Dataset records:

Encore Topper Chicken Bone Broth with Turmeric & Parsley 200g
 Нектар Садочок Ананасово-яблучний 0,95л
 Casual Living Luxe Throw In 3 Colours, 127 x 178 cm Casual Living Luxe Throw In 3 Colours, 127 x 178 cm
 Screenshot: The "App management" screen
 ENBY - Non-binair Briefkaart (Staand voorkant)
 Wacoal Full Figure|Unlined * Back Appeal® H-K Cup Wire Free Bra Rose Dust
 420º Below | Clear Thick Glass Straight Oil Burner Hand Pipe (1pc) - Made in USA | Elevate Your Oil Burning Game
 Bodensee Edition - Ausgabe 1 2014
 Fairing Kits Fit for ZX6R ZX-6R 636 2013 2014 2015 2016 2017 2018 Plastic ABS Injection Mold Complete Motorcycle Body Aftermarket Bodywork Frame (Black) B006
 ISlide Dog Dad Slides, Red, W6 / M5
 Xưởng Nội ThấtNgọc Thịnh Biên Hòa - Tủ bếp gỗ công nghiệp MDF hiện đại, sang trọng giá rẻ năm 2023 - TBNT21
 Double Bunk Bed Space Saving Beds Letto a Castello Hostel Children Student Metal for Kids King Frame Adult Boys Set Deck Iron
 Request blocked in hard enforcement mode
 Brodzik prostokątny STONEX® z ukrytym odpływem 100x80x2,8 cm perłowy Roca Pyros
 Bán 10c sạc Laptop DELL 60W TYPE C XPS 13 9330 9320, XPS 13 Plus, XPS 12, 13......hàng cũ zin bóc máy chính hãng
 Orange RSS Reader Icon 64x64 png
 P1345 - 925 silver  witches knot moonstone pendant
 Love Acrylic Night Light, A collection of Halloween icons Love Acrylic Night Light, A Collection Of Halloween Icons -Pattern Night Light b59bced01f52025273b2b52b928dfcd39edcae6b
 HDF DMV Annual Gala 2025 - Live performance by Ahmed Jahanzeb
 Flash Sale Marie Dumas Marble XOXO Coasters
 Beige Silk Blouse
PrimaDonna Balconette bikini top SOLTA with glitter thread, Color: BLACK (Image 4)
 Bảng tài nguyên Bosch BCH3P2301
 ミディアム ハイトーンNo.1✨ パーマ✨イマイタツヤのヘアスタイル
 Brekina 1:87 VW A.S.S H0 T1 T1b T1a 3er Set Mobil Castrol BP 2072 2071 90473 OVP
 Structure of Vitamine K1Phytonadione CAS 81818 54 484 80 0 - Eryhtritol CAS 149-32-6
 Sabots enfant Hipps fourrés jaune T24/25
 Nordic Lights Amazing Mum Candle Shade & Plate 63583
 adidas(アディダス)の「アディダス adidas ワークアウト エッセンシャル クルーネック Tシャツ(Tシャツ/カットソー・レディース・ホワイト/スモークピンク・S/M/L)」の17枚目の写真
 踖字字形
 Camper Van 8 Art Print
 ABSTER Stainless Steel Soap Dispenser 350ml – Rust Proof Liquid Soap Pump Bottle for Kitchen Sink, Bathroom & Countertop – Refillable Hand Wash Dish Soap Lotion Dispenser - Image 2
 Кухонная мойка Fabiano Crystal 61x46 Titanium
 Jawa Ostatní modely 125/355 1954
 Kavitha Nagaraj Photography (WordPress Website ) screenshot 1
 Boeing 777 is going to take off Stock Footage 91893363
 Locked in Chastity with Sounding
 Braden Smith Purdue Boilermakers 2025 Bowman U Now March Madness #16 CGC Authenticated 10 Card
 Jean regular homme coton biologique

**Exercise**
Every line above from the line with "420º Below |" to the line with "P1345 - 925", inclusive, must be returned exactly; no other line belongs in the reply.

**Solution below**
 420º Below | Clear Thick Glass Straight Oil Burner Hand Pipe (1pc) - Made in USA | Elevate Your Oil Burning Game
 Bodensee Edition - Ausgabe 1 2014
 Fairing Kits Fit for ZX6R ZX-6R 636 2013 2014 2015 2016 2017 2018 Plastic ABS Injection Mold Complete Motorcycle Body Aftermarket Bodywork Frame (Black) B006
 ISlide Dog Dad Slides, Red, W6 / M5
 Xưởng Nội ThấtNgọc Thịnh Biên Hòa - Tủ bếp gỗ công nghiệp MDF hiện đại, sang trọng giá rẻ năm 2023 - TBNT21
 Double Bunk Bed Space Saving Beds Letto a Castello Hostel Children Student Metal for Kids King Frame Adult Boys Set Deck Iron
 Request blocked in hard enforcement mode
 Brodzik prostokątny STONEX® z ukrytym odpływem 100x80x2,8 cm perłowy Roca Pyros
 Bán 10c sạc Laptop DELL 60W TYPE C XPS 13 9330 9320, XPS 13 Plus, XPS 12, 13......hàng cũ zin bóc máy chính hãng
 Orange RSS Reader Icon 64x64 png
 P1345 - 925 silver  witches knot moonstone pendant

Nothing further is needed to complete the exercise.